I truly don’t identify with the ‘label’ of being Jewish simply because I have never attended a synagogue nor did I follow the faith. Yes, I am Jewish but to me it is only a word… a connection, if you will, to my grandmother’s past.
I don’t identify with being a ‘Maori” even though it flows through my veins. Nor have I ever used that ‘connection’ to obtain what could ‘rightfully’ be mine as a Maori descendant. Nor do I identify with any of the heritage passed down from my own father’s side which includes English, Scottish and a dash of Welsh.
I was born a New Zealander and therefore in all my thoughts, it never mattered to me what heritage of blood flowed. Instead, it mattered what my homeland in all its beauty meant to me. I identified with the green lush grasses, the endless streams of flowing water filled with trout, salmon and other yummy delicacies.
I identified with the mountains capped with snow and clouds, the roads that lead to towns of small and large populations and beautiful sights that stirred the glance and entertained the mind that all this splendour was yours to behold. It also meant the nights of wandering out the back with my Dad, as we watched the steam train hurtle past our house. We listened to the steam train blow its horn as we watched the amazing glow from the burn box be filled with shovels of coal.
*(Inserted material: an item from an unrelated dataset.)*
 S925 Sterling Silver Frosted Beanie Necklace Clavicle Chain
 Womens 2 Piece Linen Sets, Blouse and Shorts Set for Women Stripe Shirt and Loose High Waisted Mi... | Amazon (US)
Memories of walking through the vastness of the country with my father leading his troop of three children as he gave us valuable tidbits of information regarding fauna and flora. That still to this day comes spouting out of my mouth unprovoked. It is the memories invoked from watching my Mother race across the road to the bakery and knowing within minutes when she would return, I would be enjoying the sheer bliss of eating a freshly made Eccles cake.
The way the sugar would dissolve in my mouth and the texture of how flaky the pastry was, before it floated in the air as if it were a ballerina dancing.
The smell of freshly made potato bread. My Mum literally surrounded by all the colours of the rainbow as she left her sewing room to give us kids lunch. The sheer delight of watching snow fall and being allowed to play outside the snow as the ground cloaked in whiteness. The feel of my little red gumboots as I walked singing The Carpenter’s – ‘I’m on top of the world’ at the top of my lungs, not knowing that my mother stood on the back step hysterically laughing with glee.
Mum yelling to Dad as we drove along the road in our beautiful blue Holden station wagon with chromed siding- “Pete, stop, stop…it’s PUHA!!!” Before she virtually threw herself out the door to gather up the plant that closely resembles one rather ugly weed but tastes so divine when cooked with pork.
New Zealand to me is not a blood connection but a heart connection. It is a part of me, just like breathing is to my body…. an intangible necessary essence of life.
So as I listened to the twins tell me about the prospective design of their next tattoo; I asked them to put a little bit of me into that tattoo. A little bit of their heritage, their blood line and their essence from me….. N.Z.
Just like to point out, Miss scarlett has told me NOT to write a bloody novel…. ooops!
Love from me
The Kiwi who flew across the ocean to become a Prawn.